21 juillet - Les copropriétaires québécois sont nombreux à bouder les assemblées générale annuelles. Ce faisant, ils paralysent littéralement les décisions qui doivent être prises dans un immeuble. Cela se produit fréquemment lorsqu'il faut voter des travaux de transformation, d'agrandissement ou d'amélioration des parties communes d'une copropriété.
Pour remédier à cet absentéisme chronique, le Groupe de travail sur la copropriété propose une cure drastique: abaisser les majorités requises pour faciliter les votes concernant ces travaux. À l'heure actuelle, pour pouvoir les réaliser, le Code civil du Québec (article 1097) impose une majorité renforcée en nombre de copropriétaires et en voix.
Or, en pareille circonstance, il faudrait réduire à 75 % le nombre des voix des copropriétaires présents ou représentés à une assemblée, plutôt que 75 % des voix de tous les copropriétaires vivant dans un immeuble, pense le Groupe de travail.
Le Comité consultatif sur la copropriété, qui a produit un mémoire recensant les principales problématiques vécues en copropriété, croit également qu'une révision des majorités requises devrait être envisagée. Cependant, il faudrait évaluer la portée de leur abaissement pour certains types de travaux.
L’idée est sûrement très bonne en ce qui a trait aux performances énergétiques accrues d’un immeuble, ou au remplacement d'un système d’éclairage par un autre moins énergivore.
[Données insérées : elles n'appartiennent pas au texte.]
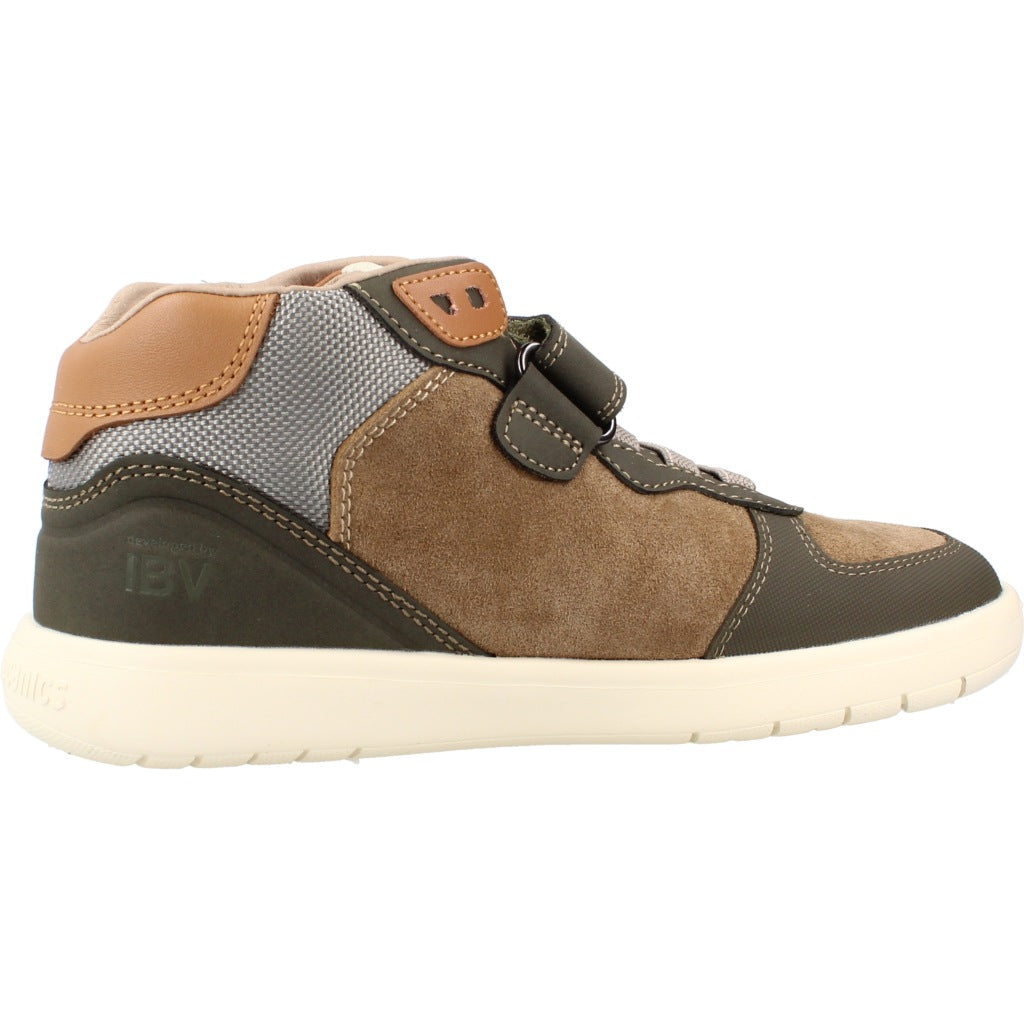 BIOMECANICS BOTIN URBAN en color BEACH  (4)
Mais il en va tout autrement pour des améliorations somptuaires, comme le réaménagement d’un hall d’entrée ou le remplacement de tapis par des revêtements plus onéreux (ex. : marbre).
Ces transformations d’ordre esthétique n’hypothèquent en rien l’entretien et la conservation du bâti. « Or, certains copropriétaires n’auront pas forcément les moyens de payer pour des travaux cosmétiques », croit l'avocat émérite Yves Joli-Coeur, qui fut l'un des sept membres à siéger au sein de ce comité.
L'érosion des majorités en France
La France illustre l'exemple par excellence d'une érosion des majorités requises au fil du temps. Depuis la loi de 1938 dans ce pays, en passant par celle du 10 juillet 1965 jusqu'à l'entrée en vigueur de la loi ALUR (Accès au logement et un urbanisme rénové) le 27 mars 2014, les copropriétaires ont vu leur prérogatives s'étioler considérablement en matière de votes. « Dorénavant, la seule utilité pour un immeuble suffit. La conception contractuelle s’éloigne de plus en plus au profit d’une logique sociale », souligne Florence Jammes, professeure-chercheuse à la Toulouse Business School.
En résumé, la révision à la baisse récurrente des majorités requises fragilise plusieurs copropriétés, plus particulièrement celles dont la situation financière est déjà précaire. "Cela pourrait entraîner une désengagement massif des copropriétaires à un projet collectif", poursuit Florence Jammes. En somme, c'est tout le concept propre à la copropriété qui se verrait remis en question, ce qui donnera certes matière à réflexion dans les mois et les années à venir.